يَا أَيُّهَا الَّذِينَ آمَنُوا لَا تَقُولُوا رَاعِنَا وَقُولُوا انْظُرْنَا وَاسْمَعُوا
Wahai orang-orang yang beriman! Janganlah kamu katakan (kepada Muhammad): “Râ’ina”, tetapi katakanlah, “Unzhurna” dan “dengarlah!”, [Al-Baqarah/2:104]
Kata Râ’ina memiliki makna ganda, bisa berarti “Dengarkanlah kami!”
Dan juga bermakna celaan. Akan tetapi orang-orang Yahudi mengucapkannya
untuk mencela Nabi Muhammad Shallallahu ‘alaihi wa sallam. Agar tidak
terjadi kesamaran dalam sebuah istilah atau ungkapan, Allâh Azza wa
Jalla melarang orang-orang Mukmin menggunakan dan mengucapkan kalimat
tersebut. Oleh sebab itu, sangat latah jika kita ikut-ikutan
menggunakan istilah-istilah yang menimbulkan polemik dalam pemahaman.
Tujuan
penggunaan istilah yang “abu-abu” adalah untuk mengelabui orang awam,
atau jika mereka berhadapan dengan lawan yang kuat mereka munculkan
sisi benarnya, dan mereka akan terang-terangan bila berbicara dihadapan
sesama rekan mereka, dimana hakikat ide Islam Nusantara adalah untuk
menghambat perkembangan dakwah yang hak, dakwah yang mengajak untuk
menjalani Islam yang belum terkontaminasi oleh berbagai budaya, yang dalam istilah mereka disebut Islam Arab.
Kalau
kita cermati banyak hal yang perlu dipertanyakan tentang ide dan konsep
Islam Nusantara tersebut. Diantara pertanyaan tersebut; Apa dasar pemikiran Islam Nusantara? Apa Tujuannya?

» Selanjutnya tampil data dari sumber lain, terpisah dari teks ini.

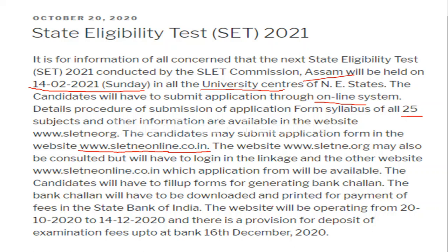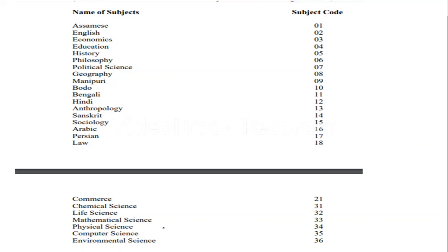You can apply from 20-10-2020 to 14-12-2020. Until the 14th of December, you can apply for this Northeast state examination. These are the 25 subjects for which the Northeast state SET is going to be held.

Kalau jawabannya: Dasar pemikiran Islam Nusantara al-Qur’an dan
as-Sunnah. Berarti tidak ada bedanya dengan Islam yang sudah diamalkan
sejak kedatangan Nabi Muhammad Shallallahu ‘alaihi wa sallam. Tapi bila
jawabannya: Islam yang berdasarkan budaya, maka berarti berbeda dengan
Islam yang dibawa oleh Nabi Muhammad Shallallahu ‘alaihi wa sallam .
Lalu tujuannya apa? Kalau jawabannya untuk terciptanya kedamaian dan toleransi dalam kehidupan bernegara. Bukankah Islam datang untuk menegakkan misi ini?

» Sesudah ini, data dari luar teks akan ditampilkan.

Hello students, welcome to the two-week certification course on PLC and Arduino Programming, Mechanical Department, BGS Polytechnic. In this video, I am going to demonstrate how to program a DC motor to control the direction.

Bukankah hal ini sudah dibuktikan dalam sejarah Islam sewaktu Islam
berkuasa di Madinah, Syam dan Andalusia? Tapi bila jawabannya untuk
menjadikan Indonesia sebagai model percontohan kedamaian dan toleran. Kenapa Islam Nusantara tidak toleran terhadap orang-orang yang tidak mau dengan konsep Islam Nusantara? Apa toleran itu berlaku untuk sesama pemeluk Islam Nusantara saja?
Kenapa istilah Islam Nusantara sering dibenturkan
dengan istilah Islam Arab? Yang pada akhirnya akan melahirkan sebuah
polemik anti Arab. Kenapa yang ditolak itu budaya Arab saja dan tidak
disebutkan menolak budaya Barat juga?
Suatu pertanyaan lagi adalah; kenapa yang ending itu istilah “Islam Nusantara” yang diusung oleh NU? Bukan istilah “Islam Yang Berkemajuan” yang diusung oleh Muhammadiyah?
Kenapa
yang dianggap sebagai Islam Nusantara hanya tradisi keberagamaan yang
dilakukan oleh massa NU, kenapa pengamalan ormas-ormas Islam lain tidak
dianggap sebagai bagian dari Islam Nusantara? Bahkan ada yang lebih
fatal lagi, untuk menilai seseorang itu pro NKRI atau tidak dilihat
dari sisi tahlilan atau tidak!? Bukankah di sana sangat banyak sekali
ormas yang tidak melakukan tahlilan? seperti Muhammadiyah, Persis,
al-Irsyad dan lain-lain. Bahkan diantara ormas Islam tersebut ada yang lebih dahulu lahir dari ormas NU. Berati Islam Nusantara adalah paham yang kaku, tidak toleran alias radikal.
Rasanya
kita tidak perlu membuang waktu dan energi untuk membuktikan kelabilan
konsep Islam Nusantara dari berbagai sisi. Cukup kita melihat siapa
yang melakoni atau pencetus Islam Nusantara itu sendiri. Apakah mereka
para pencetus Islam Nusantara orang yang patut dicontoh pemahaman dan
pengamalan terhadap ajaran Islam? Apakah mereka orang-orang yang
benar-benar berakhlak mulia? Terutama terhadap orang yang menegakkan
dan menjalani ajaran Islam dengan baik? Atau malah sebaliknya; suka
memperolok-olok dan melecehkan para penegak sunnah? Apakah mereka
selama ini adalah para pembela Islam atau sebaliknya? Apakah pemahaman
mereka lebih baik dari pemahaman para Sahabat? Sehingga teori yang
mereka cetuskan lebih baik dari keislaman para Sahabat? Apakah mereka
orang yang taat beribadah dan suka membaca al-Qur’an? Apakah alasan dan
hal yang melatarbelakangi lahirnya konsep Islam Nusantara ini belum
tercover dalam ajaran Islam yang dibawa oleh Rasûlullâh Shallallahu
‘alaihi wa sallam dan disebarkan oleh para Sahabat?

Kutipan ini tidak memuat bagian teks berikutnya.